All other things being equal, water will tend flow from higher to lower head, and in an alluvial aquifer, will flow towards the river or from the river depending on the elevation of the river pool relative to the aquifer. The alluvial aquifer, according to published data, flows generally southwest beneath Louisville, following the river. The variations in the water level measurements for the various wells raises a concern that the flow under the site may not always be as it has been mapped in the report.
A more comprehensive mapping of the aquifer flow, taking into account these variations is needed to provide assurance that the variations in flow patterns has been considered. A mapping of the aquifer that incorporates each of the various data collection events is needed to provide confirmation that the site hydrogeology is fully understood and that the groundwater monitoring wells have been properly located to intercept any plume. Alternatively, the mapping will help identify any additional groundwater monitoring points needed to provide assurance that sampling under all flow conditions has been conducted and that the samples demonstrate that the trichloroethene is no longer under the site.

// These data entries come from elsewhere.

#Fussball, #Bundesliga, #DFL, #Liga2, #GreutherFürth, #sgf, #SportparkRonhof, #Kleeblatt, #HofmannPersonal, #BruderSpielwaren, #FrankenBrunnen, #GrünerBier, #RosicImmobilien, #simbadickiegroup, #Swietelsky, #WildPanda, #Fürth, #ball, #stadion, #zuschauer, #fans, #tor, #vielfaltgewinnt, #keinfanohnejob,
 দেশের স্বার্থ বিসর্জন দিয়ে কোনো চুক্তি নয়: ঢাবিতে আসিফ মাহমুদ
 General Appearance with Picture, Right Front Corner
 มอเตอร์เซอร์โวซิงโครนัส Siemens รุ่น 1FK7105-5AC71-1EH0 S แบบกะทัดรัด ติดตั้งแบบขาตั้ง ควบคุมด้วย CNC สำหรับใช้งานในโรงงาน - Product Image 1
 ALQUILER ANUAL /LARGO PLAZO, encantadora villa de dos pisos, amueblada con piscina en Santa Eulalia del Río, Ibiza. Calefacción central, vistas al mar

2. KRC is concerned as well that the report does not identify the source of the trichloroethene. Obviously, the presence of any solvent in groundwater samples from beneath an inert landfill is of concern, since wastes containing such solvents are not appropriate to that type of land disposal facility. To the extent that the source of the trichloroethene is landfilled waste, a question is raised as to what the specific source of the waste was and whether there is additional waste that may release such constituents in the future. If the source is not the landfill but rather some other disposal activity (such as the adjoining landfill or other industrial properties) then that should be demonstrated to be the case and appropriate action taken to remove that source and prevent further releases. Absent some indication (which may be in other documents but was not apparent in this report) that the source has been identified and appropriate measures taken to prevent future releases from that source, complete abandonment of monitoring is not appropriate given that the past detection is potentially indicative of disposal of constituents of concern in a landfill not designed or authorized to manage such wastes.
KRC requests that the agency reevaluate the report and address these two concerns prior to finalizing the agencys position concerning the request to discontinue the groundwater monitoring and to abandon the wells. Thank you for your consideration of these matters.